#### Material supplied

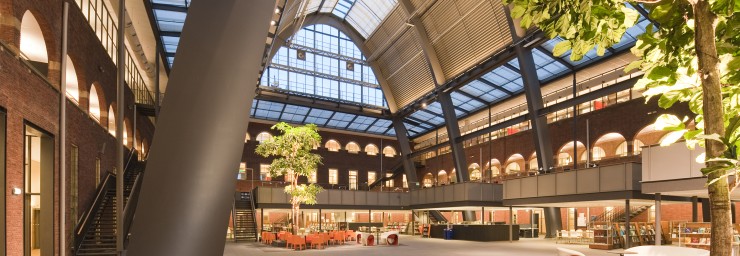 Concernlocatie Politieacademie, Apeldoorn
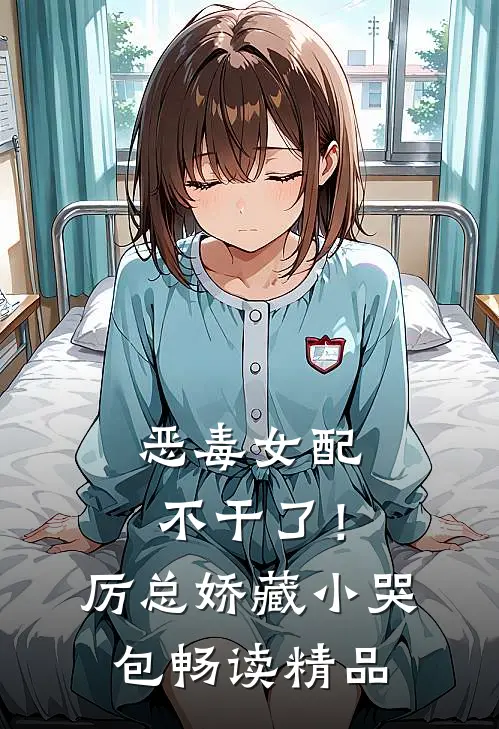 恶毒女配不干了！厉总娇藏小哭包畅读精品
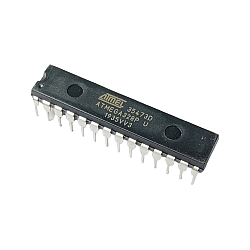 ATMEGA328P-PU 8-bit DIP-28 AVR Microcontroller 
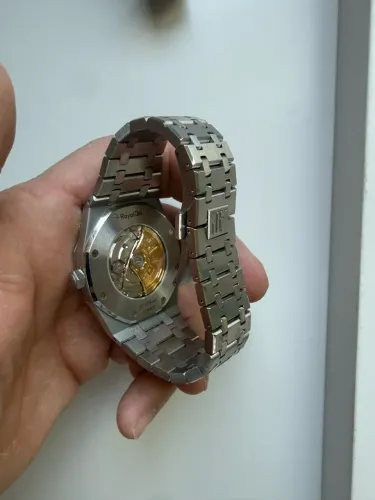 Relogio audemars piguet automático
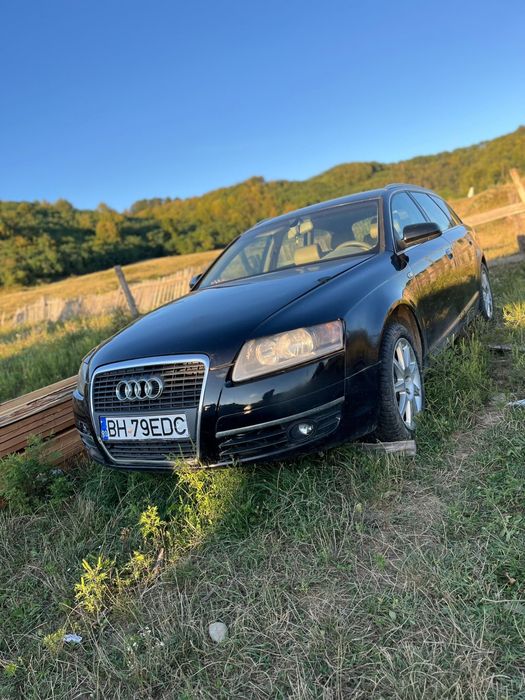 Vând audi a6 c6,3.0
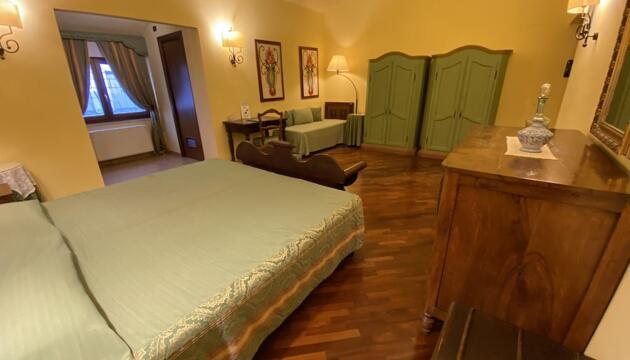Foto de Relais Abbazia Santa Anastasia Resort &amp; Winery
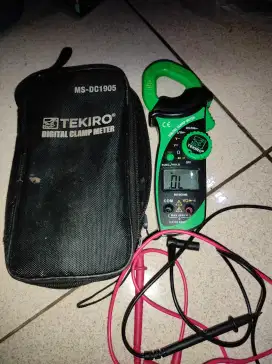 Di jual tang Amper merk Tekiro Rp 600 nego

########

What you will do » Your answer must be exactly the lines from the one containing "Relogio audemars piguet automático" through the last line of the records above, both included, with every picture left out.

Response box »
 Relogio audemars piguet automático
 Vând audi a6 c6,3.0
Foto de Relais Abbazia Santa Anastasia Resort &amp; Winery
 Di jual tang Amper merk Tekiro Rp 600 nego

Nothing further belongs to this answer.